DU GÉNIE DRAMATIQUE EN GRÈCE AVANT L’ÈRE VULGAIRE
i.
Du drame hiératique.

Bien qu’on en ait dit, l’œuvre de tout sacerdoce est l’amélioration de la destinée physique et morale des nations. Dans tous les pays du monde, les peuples, au sortir de l’état sauvage, passent par une phase de civilisation qu’il faut appeler sacerdotale, parce que, pendant cette première période, les lois, les mœurs, les arts, tout le gouvernement intellectuel et social relèvent directement et exclusivement du sacerdoce.

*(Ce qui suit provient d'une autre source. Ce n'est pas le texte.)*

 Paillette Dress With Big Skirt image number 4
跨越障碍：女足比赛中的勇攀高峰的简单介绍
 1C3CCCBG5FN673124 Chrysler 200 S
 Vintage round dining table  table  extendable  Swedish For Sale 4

Ce qui rend confuse et difficile l’étude de ces premières époques, c’est que si, d’une part, tout sacerdoce est naturellement civilisateur, si l’influence hiératique s’accroît en proportion des bienfaits que le clergé répand par la pratique des sciences et des arts ; d’une autre part, le sacerdoce a un grand intérêt de corps à demeurer seul dépositaire des procédés artistiques, et, par suite, à retarder de tout son pouvoir la vulgarisation des connaissances qu’il possède. Il y a donc à étudier dans les époques hiératiques une double action sacerdotale, et qui semble, au premier aspect, contradictoire ; d’abord un mouvement pédagogique et civilisateur, ensuite une résistance égoïste à la complète émancipation des masses. Et, ce qui n’est pas moins remarquable, la seconde période, celle de la vulgarisation et de la liberté des arts, sera d’autant plus brillante et plus féconde en merveilles, que l’époque religieuse aura été plus forte, plus puissante, plus longuement et plus habilement comprimante.

Voyons comment les choses se sont passées en Grèce,

Ire ÉPOQUE SACERDOTALE. – PRÊTRES DEMI-DIEUX. — ARTS HIÉRATIQUES.

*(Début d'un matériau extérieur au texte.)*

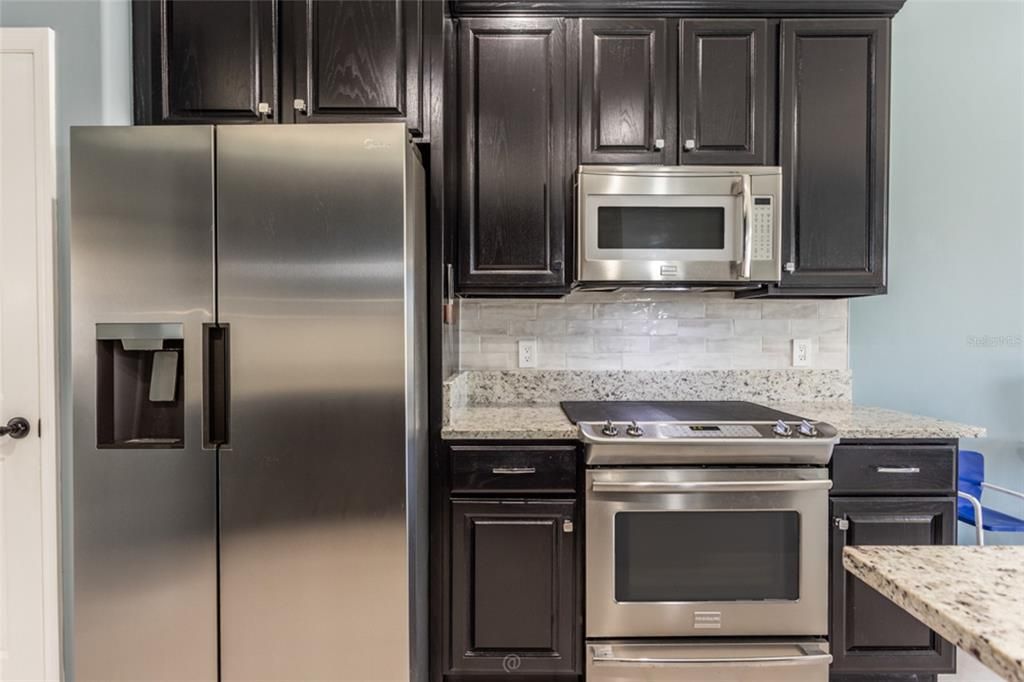 Activo con contrato: $648,500 (3 camas, 2 baños, 2176 Pies cuadrados)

Tout le monde convient que les arts et la civilisation de la Grèce portent l’empreinte la plus profonde du génie religieux[1] ; et, en même temps, l’on s’étonne de ne pas trouver dans l’hellénisme les deux choses qui créent et qui maintiennent la puissance sacerdotale, à savoir l’unité de dogme et une hiérarchie fortement constituée. En effet, on ne voit pas qu’un même symbole ait jamais réuni les croyans de la Hellade. Les poésies d’Homère et d’Hésiode, qui forment en quelque sorte la Bible du polythéisme, sont loin d’offrir un système de théologie compact et homogène. Nous voyons bien en Grèce des prêtres et des prêtresses, des devins et des oracles ; mais nous n’y

  1. La plupart des institutions civiles et politiques étaient fondées sur les oracles de Dodone ou de Delphes. Voyez Demosth., in. Mid., pag. 611, B, seqq.